Material provided>
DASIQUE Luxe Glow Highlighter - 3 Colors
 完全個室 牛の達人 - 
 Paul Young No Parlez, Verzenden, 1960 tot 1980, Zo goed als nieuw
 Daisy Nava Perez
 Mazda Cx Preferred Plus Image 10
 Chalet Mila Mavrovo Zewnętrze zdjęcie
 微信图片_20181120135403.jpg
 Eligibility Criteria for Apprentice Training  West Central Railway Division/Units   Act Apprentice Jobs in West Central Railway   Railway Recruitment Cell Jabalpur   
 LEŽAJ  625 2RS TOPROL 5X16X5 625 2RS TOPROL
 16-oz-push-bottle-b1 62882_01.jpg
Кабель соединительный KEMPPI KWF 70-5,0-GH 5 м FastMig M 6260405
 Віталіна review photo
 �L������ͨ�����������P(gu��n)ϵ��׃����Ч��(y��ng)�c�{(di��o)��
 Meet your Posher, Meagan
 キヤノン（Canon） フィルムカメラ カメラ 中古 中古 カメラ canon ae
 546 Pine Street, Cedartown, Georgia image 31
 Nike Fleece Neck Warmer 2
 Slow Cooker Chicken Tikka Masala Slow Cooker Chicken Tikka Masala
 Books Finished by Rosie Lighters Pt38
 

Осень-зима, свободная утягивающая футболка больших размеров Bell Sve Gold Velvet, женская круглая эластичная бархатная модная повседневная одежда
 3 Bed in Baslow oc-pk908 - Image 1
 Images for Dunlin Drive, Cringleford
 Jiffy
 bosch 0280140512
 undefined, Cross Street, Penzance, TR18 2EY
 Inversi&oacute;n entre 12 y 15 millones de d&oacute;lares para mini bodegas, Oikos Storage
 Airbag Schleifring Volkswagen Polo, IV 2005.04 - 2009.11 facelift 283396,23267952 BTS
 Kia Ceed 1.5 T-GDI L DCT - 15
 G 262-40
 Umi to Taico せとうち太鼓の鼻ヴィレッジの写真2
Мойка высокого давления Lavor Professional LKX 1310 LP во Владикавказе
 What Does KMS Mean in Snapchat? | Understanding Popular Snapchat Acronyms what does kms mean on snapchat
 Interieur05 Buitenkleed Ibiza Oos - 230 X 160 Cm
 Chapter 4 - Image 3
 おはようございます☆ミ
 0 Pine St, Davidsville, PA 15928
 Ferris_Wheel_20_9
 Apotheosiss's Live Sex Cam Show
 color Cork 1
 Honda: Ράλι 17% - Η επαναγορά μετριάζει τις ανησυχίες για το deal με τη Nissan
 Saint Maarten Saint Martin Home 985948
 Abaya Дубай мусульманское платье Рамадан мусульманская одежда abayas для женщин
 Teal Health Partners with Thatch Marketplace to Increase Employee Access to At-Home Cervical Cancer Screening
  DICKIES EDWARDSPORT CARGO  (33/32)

Exercise prompt> In the entries above, find the line holding "Paul Young No" and the line holding "Осень-зима, свободная утягивающая", then retype exactly those two lines and every line between them, and nothing else.

Response to the exercise>
 Paul Young No Parlez, Verzenden, 1960 tot 1980, Zo goed als nieuw
 Daisy Nava Perez
 Mazda Cx Preferred Plus Image 10
 Chalet Mila Mavrovo Zewnętrze zdjęcie
 微信图片_20181120135403.jpg
 Eligibility Criteria for Apprentice Training  West Central Railway Division/Units   Act Apprentice Jobs in West Central Railway   Railway Recruitment Cell Jabalpur   
 LEŽAJ  625 2RS TOPROL 5X16X5 625 2RS TOPROL
 16-oz-push-bottle-b1 62882_01.jpg
Кабель соединительный KEMPPI KWF 70-5,0-GH 5 м FastMig M 6260405
 Віталіна review photo
 �L������ͨ�����������P(gu��n)ϵ��׃����Ч��(y��ng)�c�{(di��o)��
 Meet your Posher, Meagan
 キヤノン（Canon） フィルムカメラ カメラ 中古 中古 カメラ canon ae
 546 Pine Street, Cedartown, Georgia image 31
 Nike Fleece Neck Warmer 2
 Slow Cooker Chicken Tikka Masala Slow Cooker Chicken Tikka Masala
 Books Finished by Rosie Lighters Pt38
 

Осень-зима, свободная утягивающая футболка больших размеров Bell Sve Gold Velvet, женская круглая эластичная бархатная модная повседневная одежда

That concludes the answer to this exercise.